Yapılması gereken özelleştirme değil doğru ve çağımızın kurallarına uygun limanların desteklenmesi ve gerekli yatırımların yapılmasıdır.
KAMU LİMANLARINA PERSONEL ALIMI YAPILMALIDIR

 
1-Kamu limanlarına personel alımı yapılmalı ve işletme yönetimleri güçlendirilmelidir.
2-Kamu kurumlarına da gerekli altyapı yatırımları yapılmalı ve kamu limanlarının tanıtımı yapılmalıdır.
3-Kamu limanlarının saha ve ekipmanları yenilenmeli ve teknolojisi günün ihtiyaçlarına uygun hale getirilmelidir.
Özelleştirilen limanlara dönük bir yasal düzenlemeye ihtiyaç vardır.

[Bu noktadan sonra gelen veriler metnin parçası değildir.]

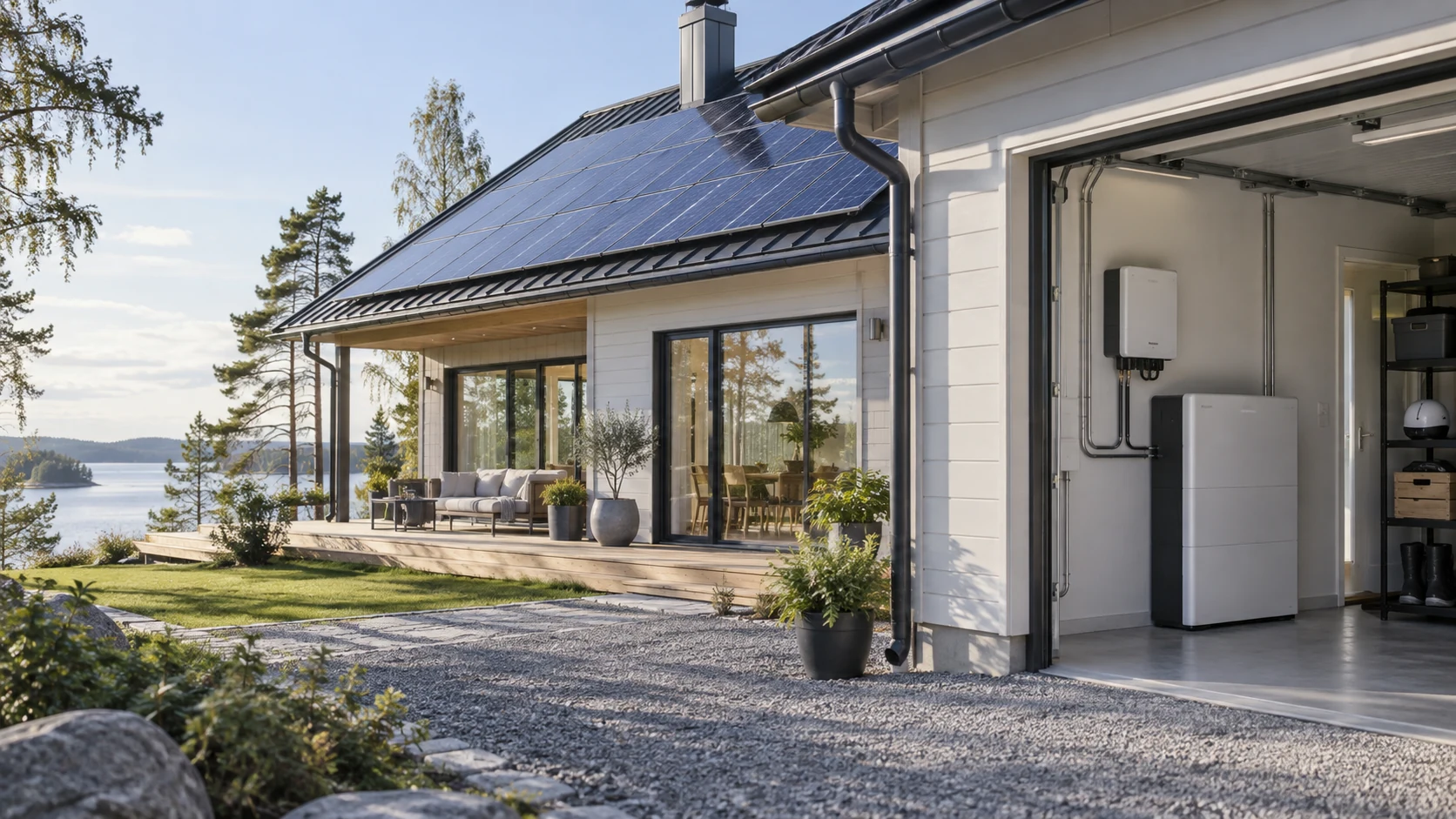 Kotiakku omakotitalossa aurinkopaneelien ja energianhallinnan yhteydessä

Ancak bu düzenleme Anayasa’ya aykırı bir şekilde devleti zarara uğratarak özelleştirmelerde ısrar etmek değildir.
LİMANLARDA SENDİKAL ÖRGÜTLENMEYE SAYGI DUYULMALIDIR
Şayet, bir düzenleme yapılacaksa özel sektördeki limanlarda sendikal örgütlenme özgürlüğünün fiilen engellenmemesi yönünde yapılmalıdır.
Özel sektör limanlarında birçok işletme sahibi çalışanların sendikaya üye olma haklarına engel olmakta ve üye olan çalışanları hukuksuz bir şekilde işten çıkarmaktadır.
Gelin, devleti zarara uğratacak, yasalara aykırı düzenlemeler yerine; iş cinayetlerinin yaşanmadığı, sendikal hakların özgürce kullanılabildiği, kayıt dışı çalışmanın önüne geçildiği ve insan onuruna yakışır ücretlerin olduğu bir çalışma hayatının düzenlenmesi için çalışmalar ve düzenlemeler getirelim.
Girgin, son olarak, limanları 49 yıllığına özelleştiren maddenin, muhalefetin mücadelesi ve itirazları sonucu geri çekildiğini söyleyerek, bundan sonra da limanların özelleştirilmesine karşı mücadeleyi büyüteceklerini vurguladı.